How to exit `sed` after the first match?
Emily Wong
I need to search a pattern I/f in a file between some range of lines and quit on the first match. For that I am using sed command like this
sed -n '14922,28875{\|I/f|=}' file.txtIt actually prints all the occurence between line 14922 to 28875 but I want only first occurence.

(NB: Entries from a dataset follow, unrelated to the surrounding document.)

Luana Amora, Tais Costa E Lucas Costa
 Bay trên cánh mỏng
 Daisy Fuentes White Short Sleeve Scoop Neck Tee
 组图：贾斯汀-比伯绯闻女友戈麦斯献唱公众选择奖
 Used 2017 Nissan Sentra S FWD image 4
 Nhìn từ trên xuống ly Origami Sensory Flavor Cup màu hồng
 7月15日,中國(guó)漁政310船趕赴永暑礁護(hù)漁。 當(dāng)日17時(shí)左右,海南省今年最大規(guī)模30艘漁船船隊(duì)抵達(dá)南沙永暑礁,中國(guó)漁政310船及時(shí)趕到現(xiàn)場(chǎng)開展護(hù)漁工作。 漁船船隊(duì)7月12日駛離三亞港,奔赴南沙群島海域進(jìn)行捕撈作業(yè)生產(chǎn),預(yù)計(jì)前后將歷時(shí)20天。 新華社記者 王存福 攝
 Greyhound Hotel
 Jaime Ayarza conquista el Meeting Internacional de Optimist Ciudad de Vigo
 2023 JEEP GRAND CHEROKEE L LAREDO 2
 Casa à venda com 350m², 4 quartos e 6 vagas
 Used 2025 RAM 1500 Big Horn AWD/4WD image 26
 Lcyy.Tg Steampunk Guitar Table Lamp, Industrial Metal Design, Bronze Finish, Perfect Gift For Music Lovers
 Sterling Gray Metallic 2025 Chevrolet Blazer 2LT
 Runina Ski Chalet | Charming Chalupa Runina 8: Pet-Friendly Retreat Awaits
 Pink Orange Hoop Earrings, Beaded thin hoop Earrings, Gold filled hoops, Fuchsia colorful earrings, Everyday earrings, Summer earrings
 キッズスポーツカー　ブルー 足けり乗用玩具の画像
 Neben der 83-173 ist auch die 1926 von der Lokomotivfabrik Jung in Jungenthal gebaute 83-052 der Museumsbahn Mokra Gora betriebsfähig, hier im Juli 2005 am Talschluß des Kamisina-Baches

I have one alternate solution for this which is to pipe line the output and use head command. Something like that
sed -n '14922,28875{\|I/f|=}' file.txt | head -n 1It works but just wondering if it is possible without head command. I searched on the internet and I found we use q character but somehow I am not getting right place to insert that in my command. Can anyone please help me in this
1 Answer
Use {=;q} instead of =:
sed -n '14922,28875{\|I/f|{=;q}}' file.txtIf there is no match, sed will keep reading the file without a chance of producing any output. This is sub-optimal. Make it quit after processing the 28875th line:
sed -n '14922,28875{\|I/f|{=;q}};28875q' file.txtNote in your example with head -n 1, if head does its job and exits then sed will notice this only when it tries to write a second line to its stdout (compare this). This means sed will keep processing the file until the second match is found or till the end. In this aspect it's even worse than my sub-optimal solution with q.